Durante la década de 1920, una recién creada URSS decidió adoptar el ajedrez como deporte oficial que serviría para demostrar al mundo que el nivel mental de los soviéticos era muy superior al de los demás. Debido a que era una actividad no limitada por el azar, en la que la estrategia y la inteligencia eran fundamentales, y que su práctica estaba al alcance de cualquier persona independientemente de su clase social, fue la herramienta perfecta para simbolizar la fortaleza del comunismo.
Es por ello que se montó una mastodóntica infraestructura, desconocida hasta entonces, para que el ajedrez llegara a millones de personas en todo el territorio, y que provocó gracias a un sistema de recompensas y (duras) sanciones, que la URSS mantuviera durante décadas una indiscutible hegemonía.
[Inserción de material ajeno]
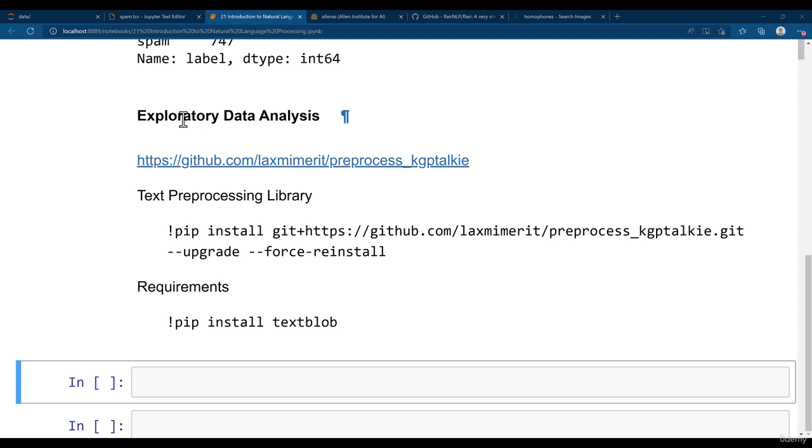Alright, let's go ahead and do the exploratory data analysis. For EDA we need to use the Pre-Process KGP Talkie package.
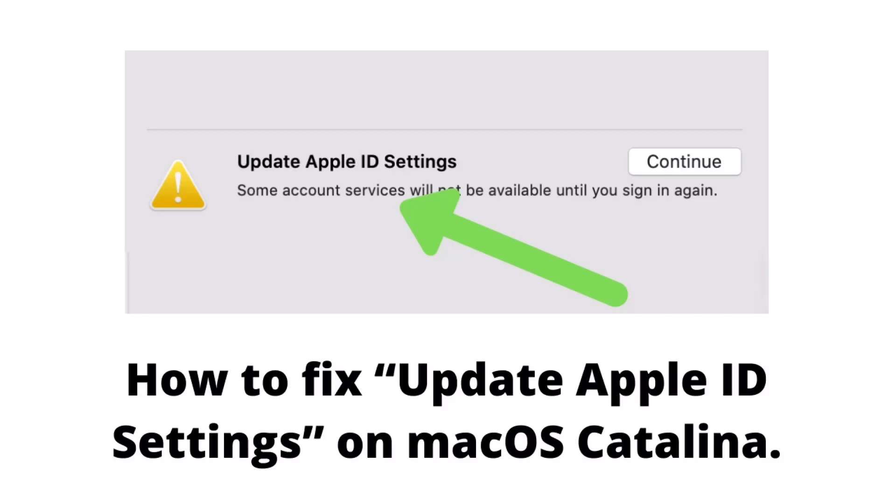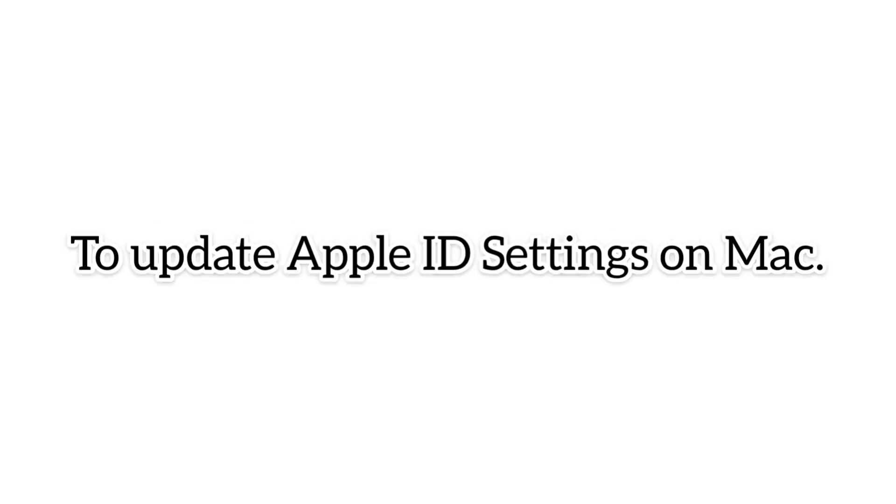What's up everyone, welcome to my iPhone Support YouTube channel. Today in this tutorial, you will learn how to fix update Apple ID settings on macOS Catalina. So without wasting any time, let's get started.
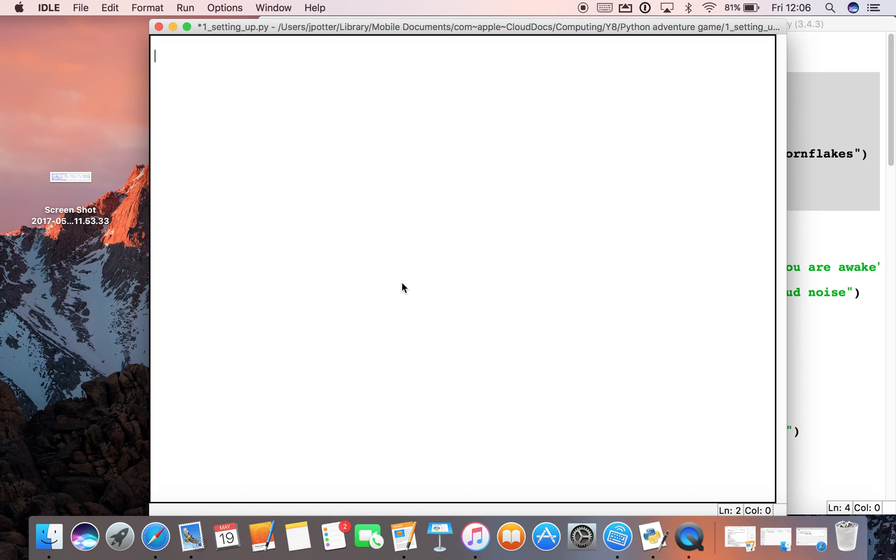Once we've got to grips with variables and lists, we can start doing more interesting things in Python. What we're going to do is build a text adventure game, a bit like the old-fashioned games used to have on computers years ago, where you have various options that you can take to get through the game.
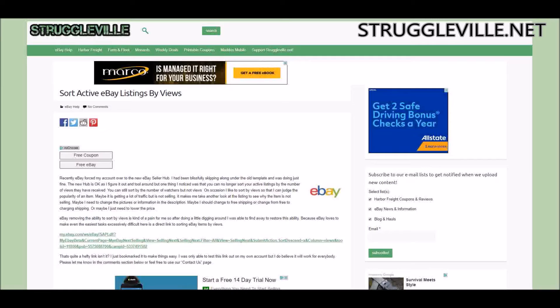You can sort by bids, you can sort by watchers, you can sort by time. I'm sure you can do it alphabetically, although I didn't hit that button so I'm not sure, but I would think so. You can't do it by views. So first, why would you want to sort by views?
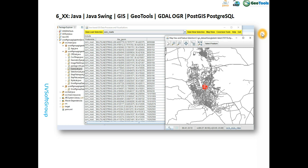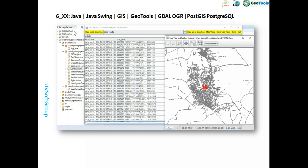You need to understand basic Java and Java Swing, and know GIS theoretically. Then you need to learn GeoTools and geospatial databases. Relational databases have extensions for geo functionality — spatial extensions like PostGIS, Oracle Spatial, MySQL Spatial, and SQLite with spatial support for geo functionalities.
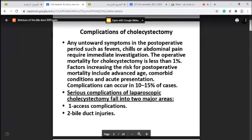Today we continue the previous lecture about the gallbladder, gallstones, and biliary tree surgery. After the operation, the patient should be in good condition and discharged well. But if the patient develops any symptoms such as fever, chills, or abdominal pain, this requires immediate investigation because serious complications may develop.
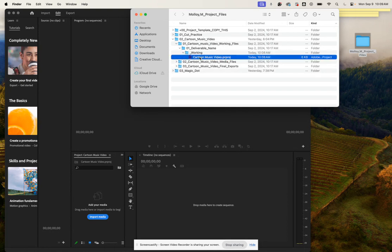So that's where that's going to live. We don't want to move this now, and now we are ready to start importing our footage.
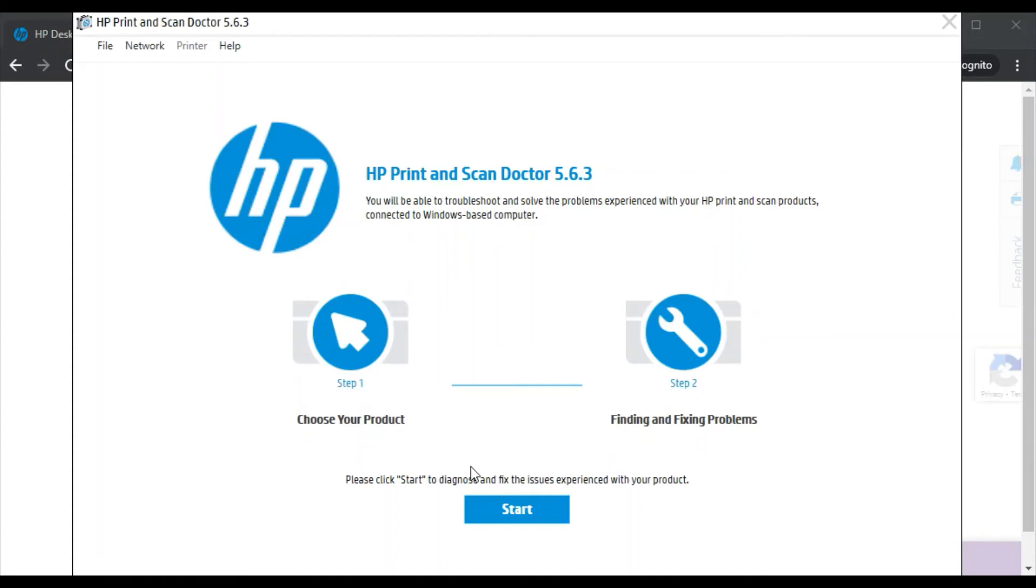All you just need to do is click on Start. But before that, make sure your printer and your PC should be connected to the same network so that it could detect your printer and fix the issue. So I'm going to click on Start.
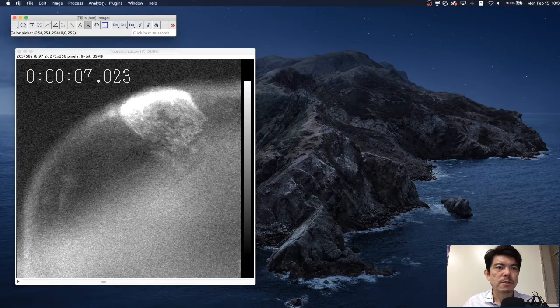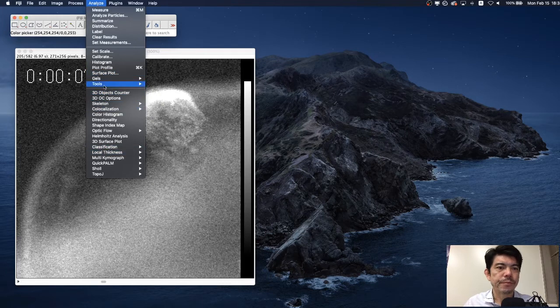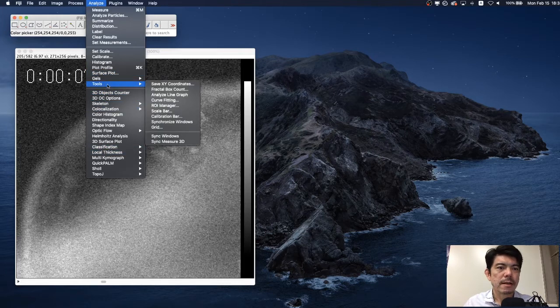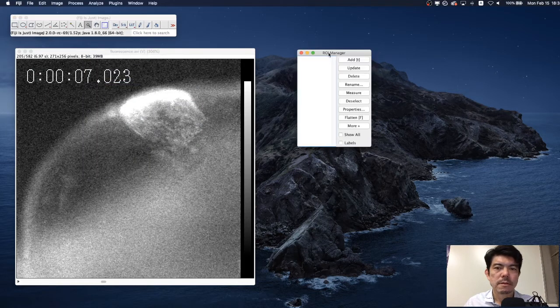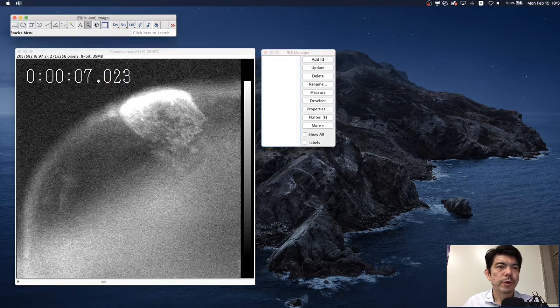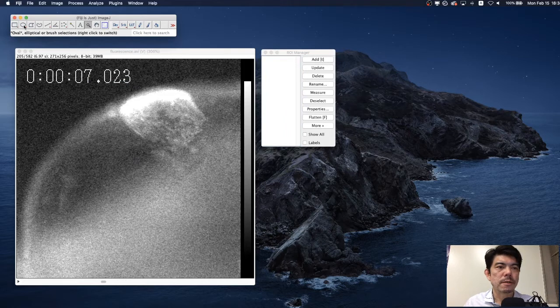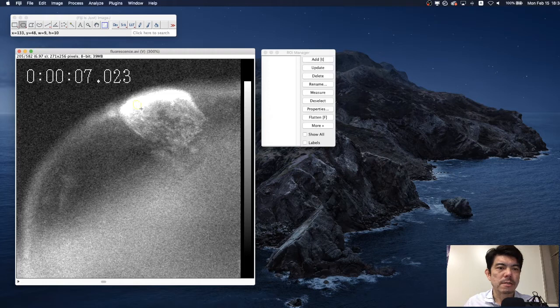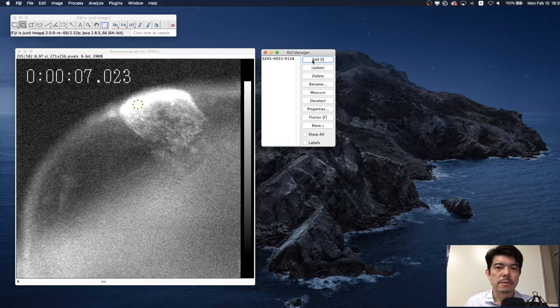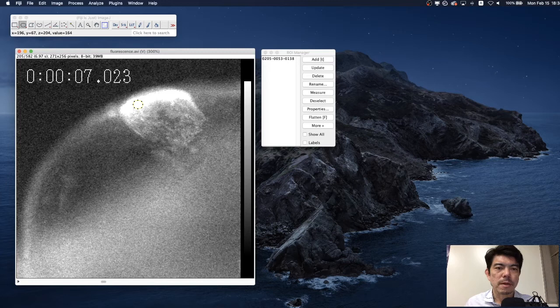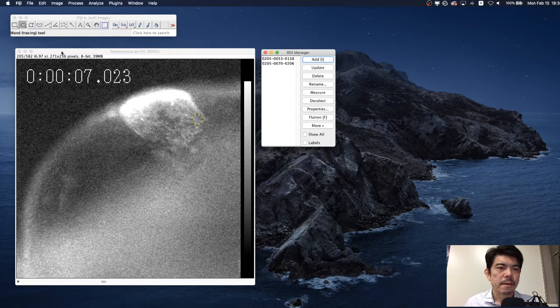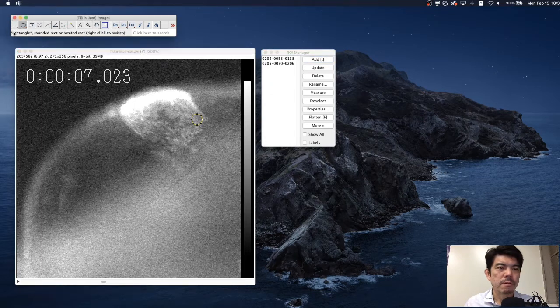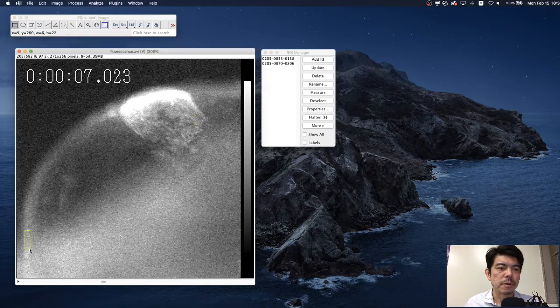For that purpose, we are going to open the analyze tool and ROI manager. This is it. And we are going to select the ellipse tool and we select this place as the number one region of interest. Add ROI. And next interesting place may be here. Add ROI.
Pero nadie contaba con que un americano, autodidacta en su formación y de comportamiento excéntrico e infantil, arrebatara el cetro mundial a los soviéticos en plena guerra fría. Ese particular “héroe” fue Bobby Fisher, quien después conquistar aquel campeonato del mundo en 1972, se retiró de la vida pública y no volvió a competir de manera profesional.
Años más tarde sería despojado de su título al no presentarse a defenderlo frente al aspirante, Anatoli Karpov. No importó, por méritos propios ya formaba parte de los más gloriosos anales de la historia.